A peine publiée, la nouvelle loi sur la VEFA est déjà critiquée

Un rapport de synthèse des notaires casablancais passe au crible les incohérences du nouveau texte. Emission de la garantie, modalités de résiliation…, beaucoup de dispositions restent à préciser. Le ministère de l’habitat, auteur du texte, n’est pas encore saisi de la question.
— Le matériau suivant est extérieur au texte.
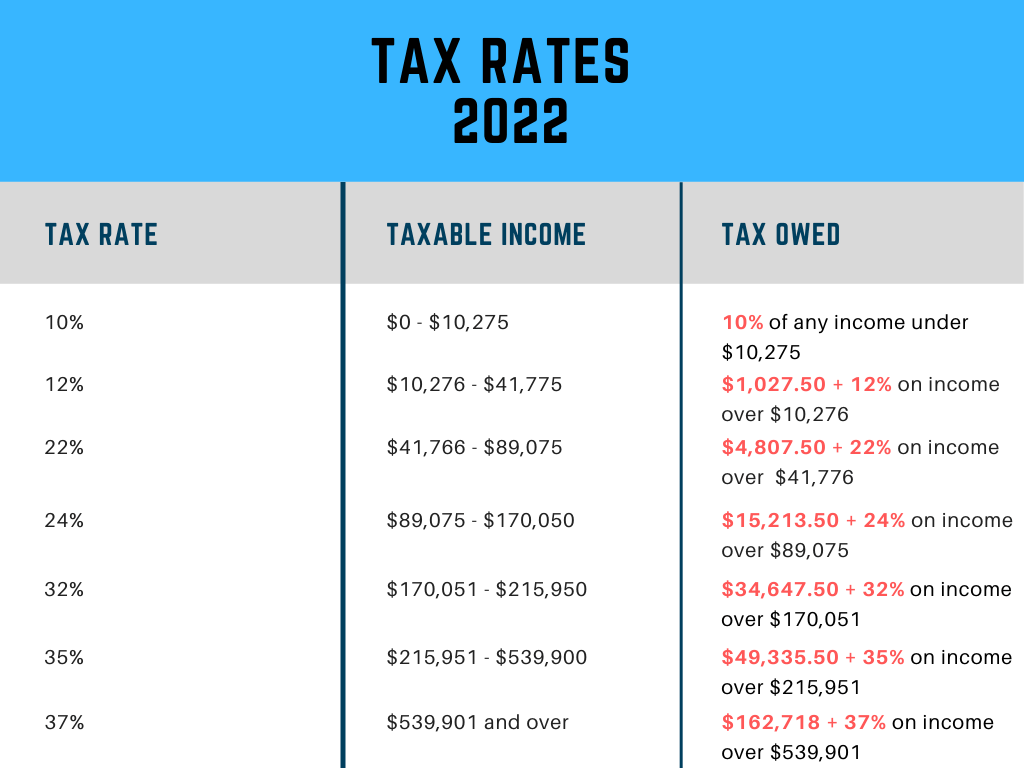 what-are-the-llc-tax-benefits-tailor-brands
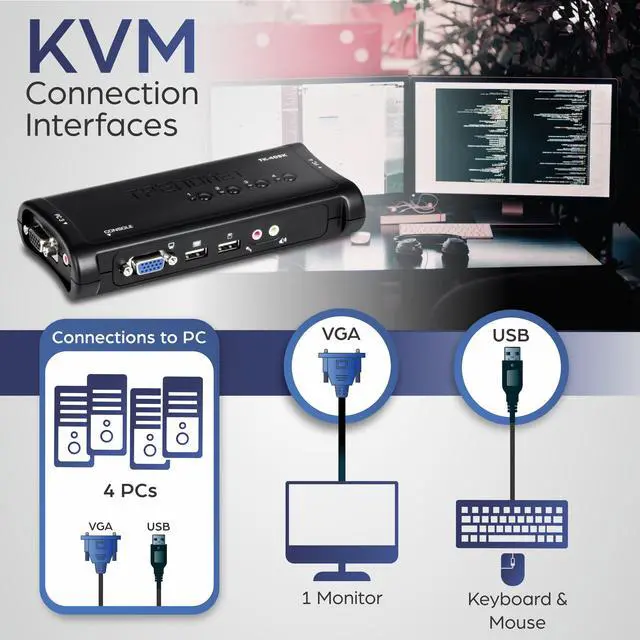 Alt view image 2 of 11 - TRENDnet 4-Port USB KVM Switch Kit, VGA And USB Connections, 2048 x 1536 Resolution, Cabling Included, Control Up To 4 Computers, Compliant With Window, Linux, and Mac OS, White, TK-407K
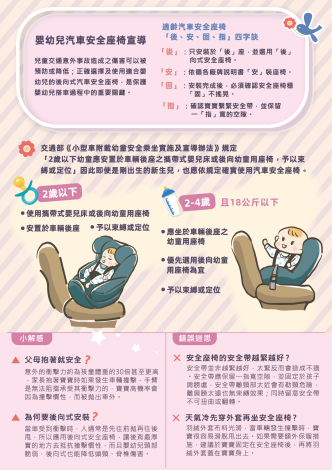 安全座椅2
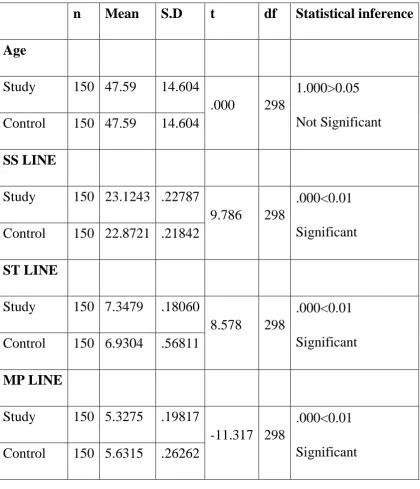 TABLE 1: COMPARING VALUES OF SS, ST AND MP WITH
La vente en l’état futur d’achèvement (VEFA) a toujours été un casse-tête pour les praticiens. La nouvelle loi, publiée le 18 février dernier, avait pour ambition de «surmonter plusieurs contraintes ayant entravé la mise en application du mécanisme» (ndlr, note de présentation du texte par le gouvernement). Le texte a en effet permis l’établissement du contrat de «réservation», par acte sous-seing privé à date certaine ou par acte authentique, et ce, dès l’obtention du permis de construire, non après l’achèvement des travaux des fondations comme c’était le cas auparavant. Le tout assorti de garanties, de délai de rétractation et d’échéanciers de paiement. Ces dispositions sont venues récompenser le lobbying des promoteurs immobiliers qui établissaient cet acte mais sans aucune reconnaissance juridique ou jurisprudentielle.

Seulement, à peine un peu plus d’un mois après sa promulgation, le texte proposé par le ministère de l’habitat rencontre déjà des difficultés d’application. Dans une note de synthèse établie par le Conseil régional des notaires de Casablanca, plusieurs notaires ont pointé du doigt les incohérences de la loi. Contrats préliminaires, garanties, livraison…, tous les aspects sont passés au crible.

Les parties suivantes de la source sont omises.